INFLUENCE OF LAKE LEVELS AND HARD STRUCTURE ORIENTATION ON THE GEOMORPHOLOGY AND STRATIGRAPHY OF OHIO’S HEADLAND BEACHES: A GPR-BASED INVESTIGATION OF BEACH PROGRADATION


FOWLER, J.K. and MATTHEUS, C.R., Geological and Environmental Sciences, Youngstown State University, One University Plaza, Youngstown, OH 44555, jkfowler@student.ysu.edu

Beaches have formed over the last century on the up-drift side of harbor jetties along Ohio’s sediment-starved and heavily armored shoreline. Net progradation at Headlands Beach and Walnut Beach has occurred since the installment of jetties in the early 1900s due to the interruption of littoral transport by these hard structures, which have dictated the bounds of beach form. Sediment flux to the littoral system is heavily impacted by lake levels; higher lake levels supply the nearshore with more bluff-derived sediments, whereas lower lake levels limit sediment supply. Processes impacting headland-beach profiles are reflected in the subsurface.

Ground-penetrating radar (GPR) was collected along dip-oriented transects across each headland beach with a pulseEKKO Pro system from Sensors and Software, Inc., utilizing 200 MHz antennae. Historic shoreline positions, derived from georeferenced aerial images, serve as a chronologic control along GPR transects. Changes in lake-level position, sediment input, and accommodation-space distribution are captured in the depositional record of the beaches as variances in clinoform geometry.

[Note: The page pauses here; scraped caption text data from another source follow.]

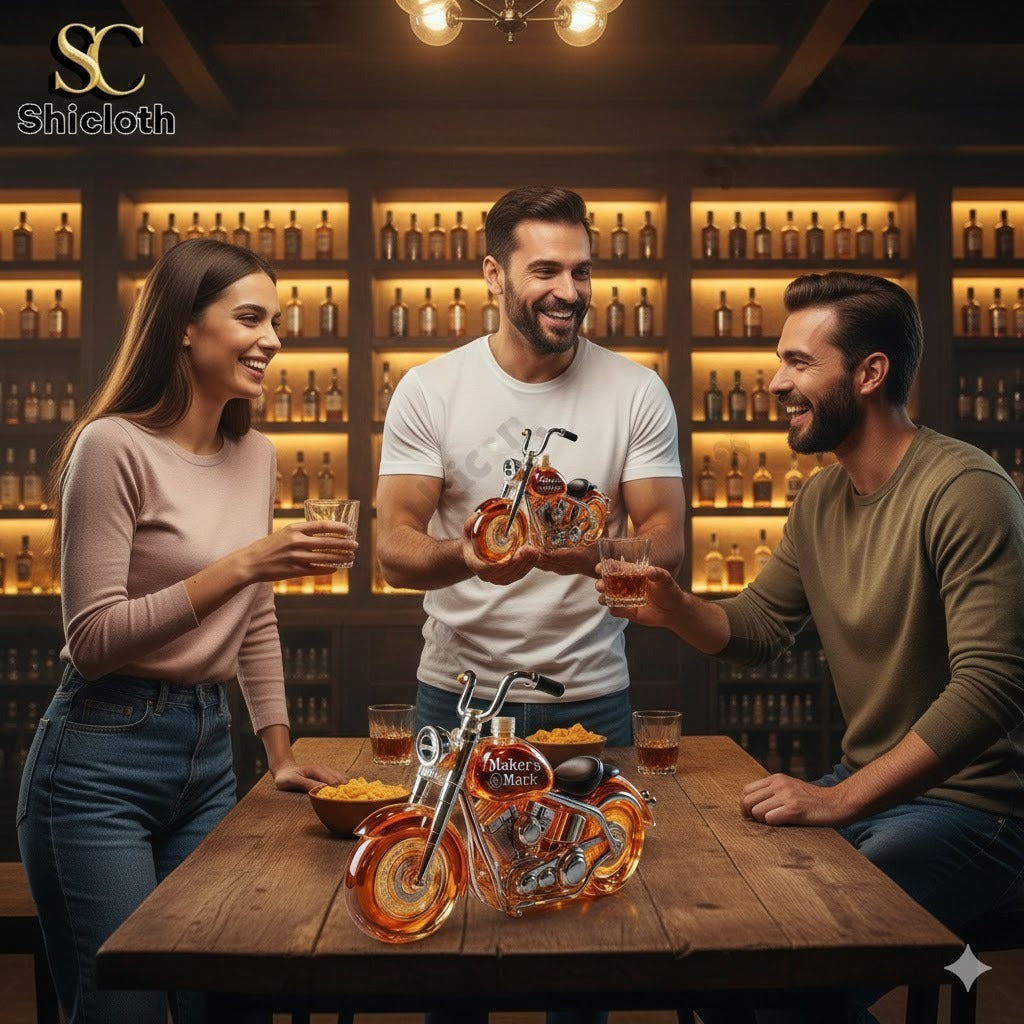 Motorcycle Crown Royal Bottle - Adult & Kids T-Shirts, Sweatshirts & Hoodies apparel design preview 1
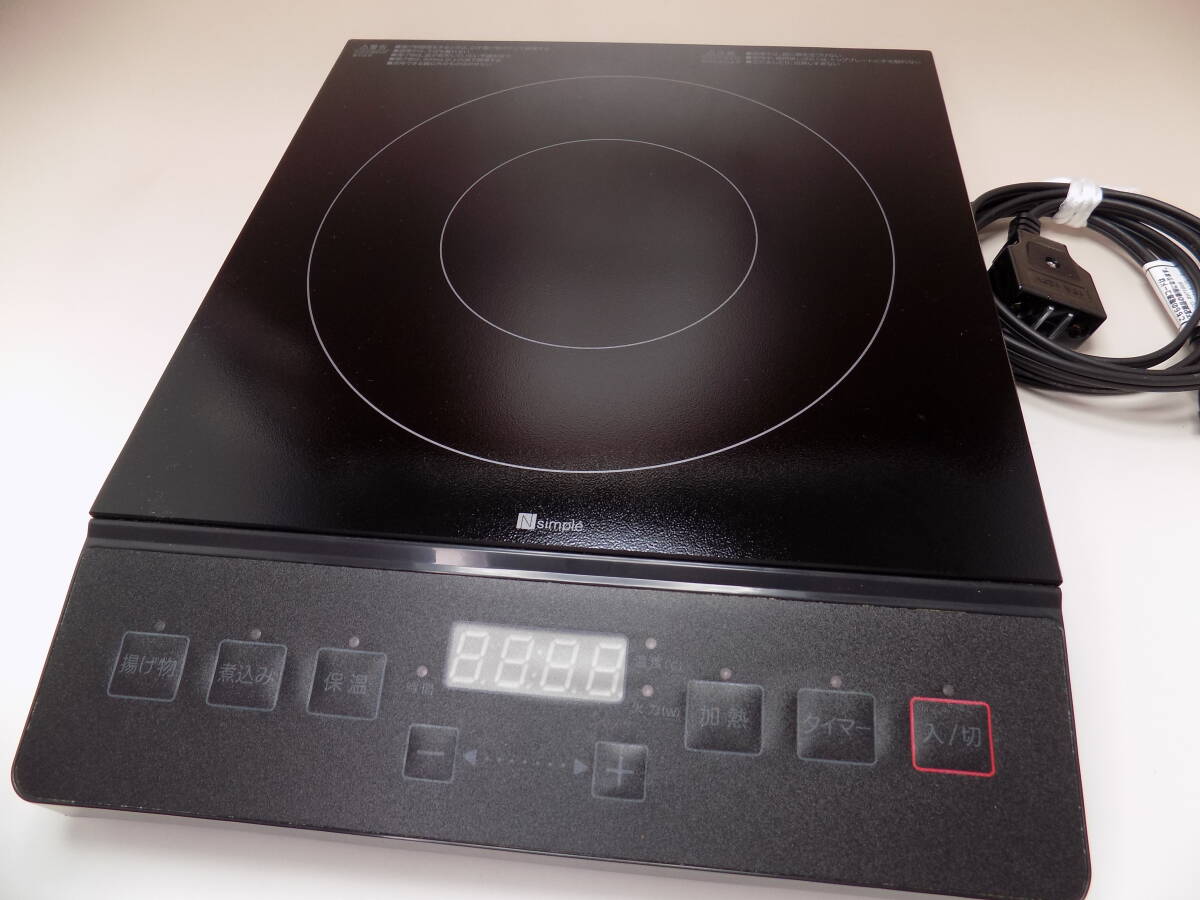 ☆ニトリ IHクッキングヒーター IHコンロ YN101BK 動作確認済☆ 送料込拍卖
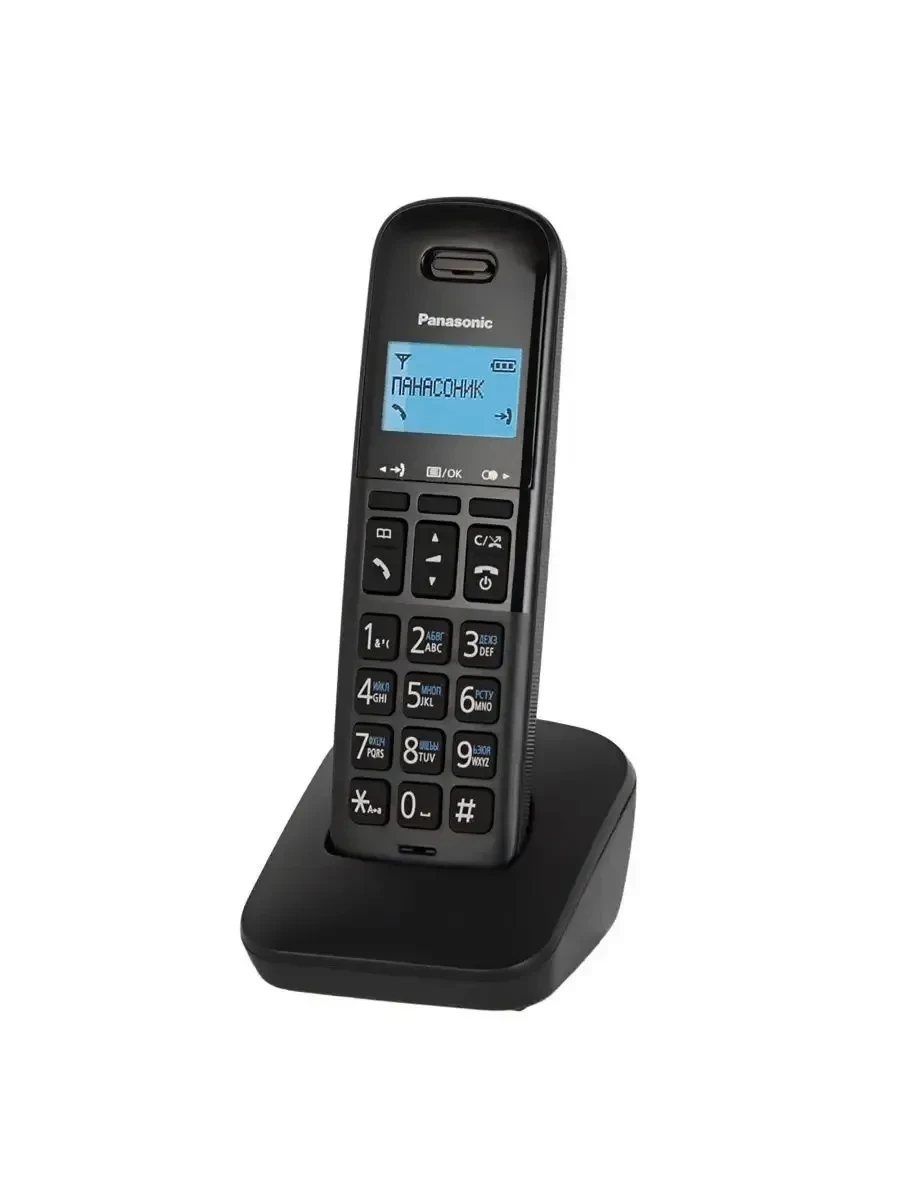 Радиотелефон PANASONIC KX-TGB610, черный
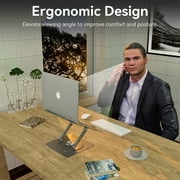Laptop Stand for Desk, HFLRZZ Aluminum Adjustable Stand of Laptop with 360 Rotating Base, Ergonomic Computer Stand Holder for MacBook, Air, Pro, All Laptops up to 16 inches, for Home, Gift ideal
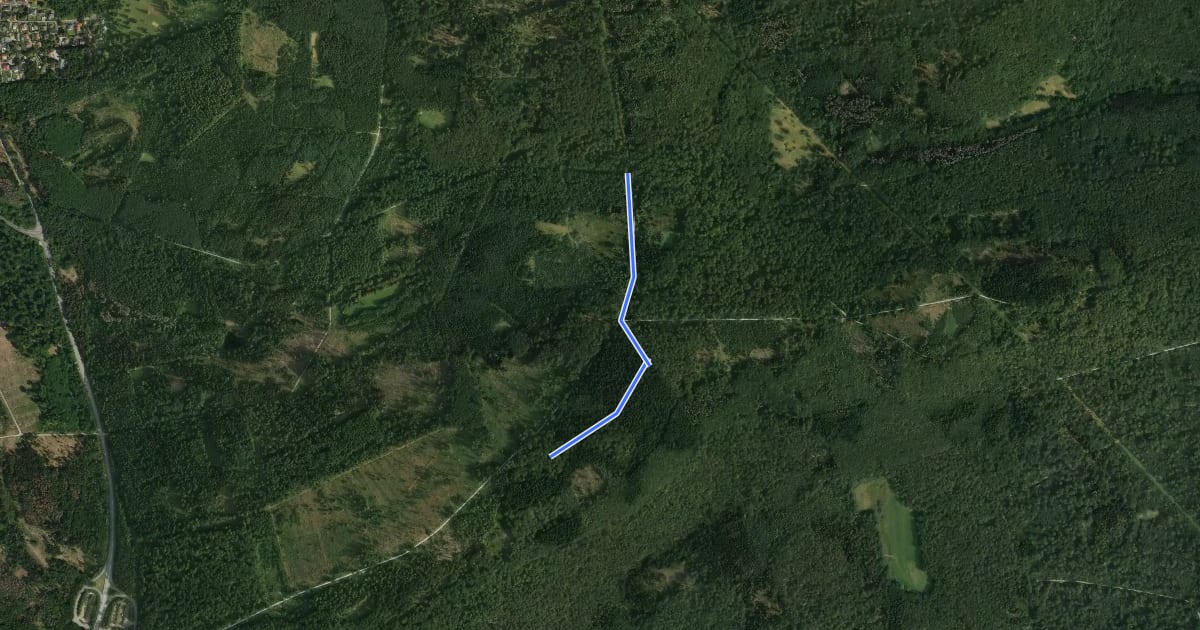 Маршрут Wanderweg schwarzer Kasten на спутниковом снимке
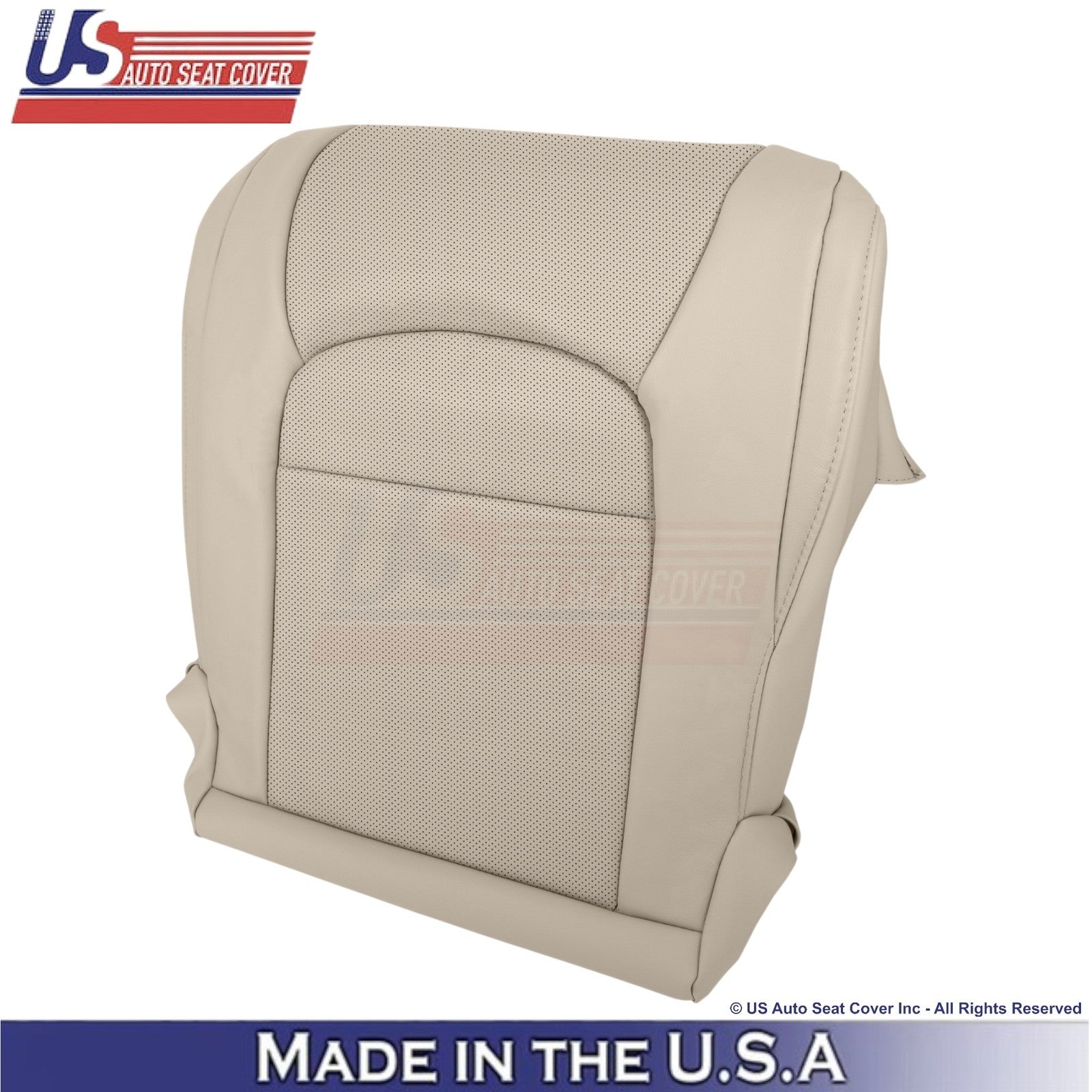 2008-2021 For Toyota Land Cruiser Genuine Leather Perf. Front Bottom Covers Tan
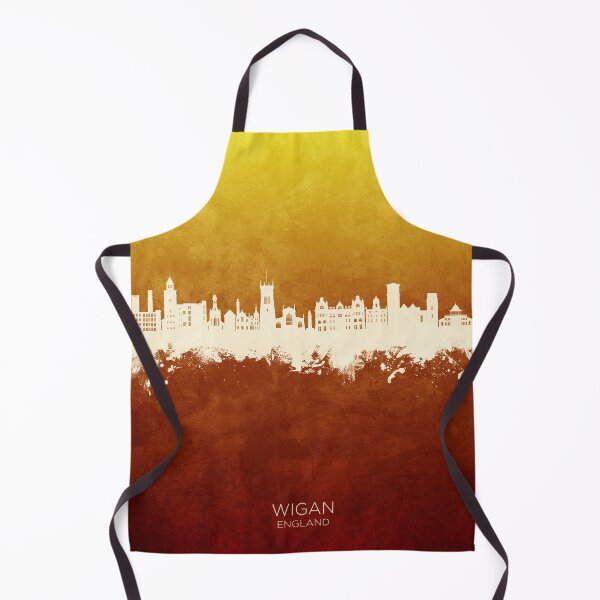Item preview, Wigan England Skyline designed and sold by ArtPrints.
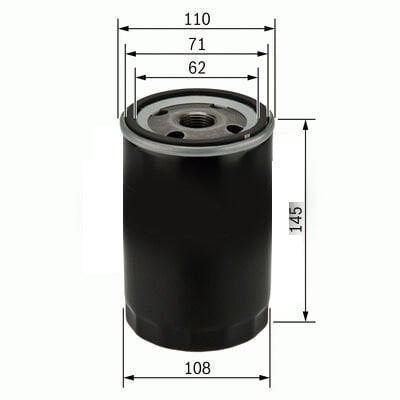 YAĞ FİLTRESİ MASTER-TRAFFIC 2.5D- BOXER 2.8D-2.8HDI- MOVANO 2.5D-2.8DTI-JUMPER 2.8 HDI- DUCATO 2.5D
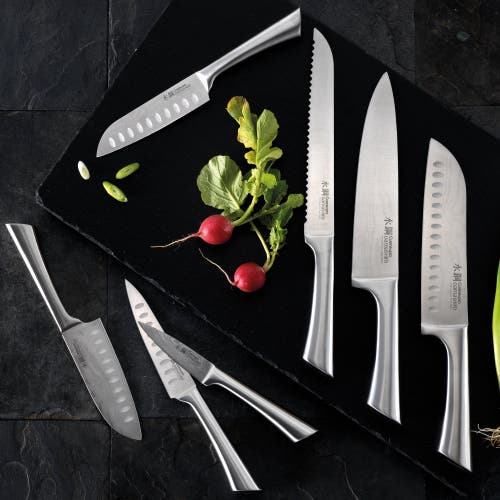 Cuisine::pro ® Cuisinepro® Damashiro® Santoku Knife 5" In Silver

Selective preservation of prograding clinoforms can be generalized as a function of lake level: Higher lake levels preserve the depositional record at headland beaches, whereas lower lake-level conditions subject them to sub-aerial processes, resulting in the truncation of clinoforms. As a result, only the foreset is imaged since the topset is acted upon by aeolian processes. The bottomset was rarely resolved using the 200 MHz antenna. The foreset dip angle of lakeward-inclined reflectors decreases lakeward of the 1960s shoreline position. This change correlates with a shift in hard structure orientation. Accommodation-space distribution, as determined by hard structure orientation, is therefore an intrinsic control on prograding headland-beach stratigraphy along Lake Erie’s southern shore.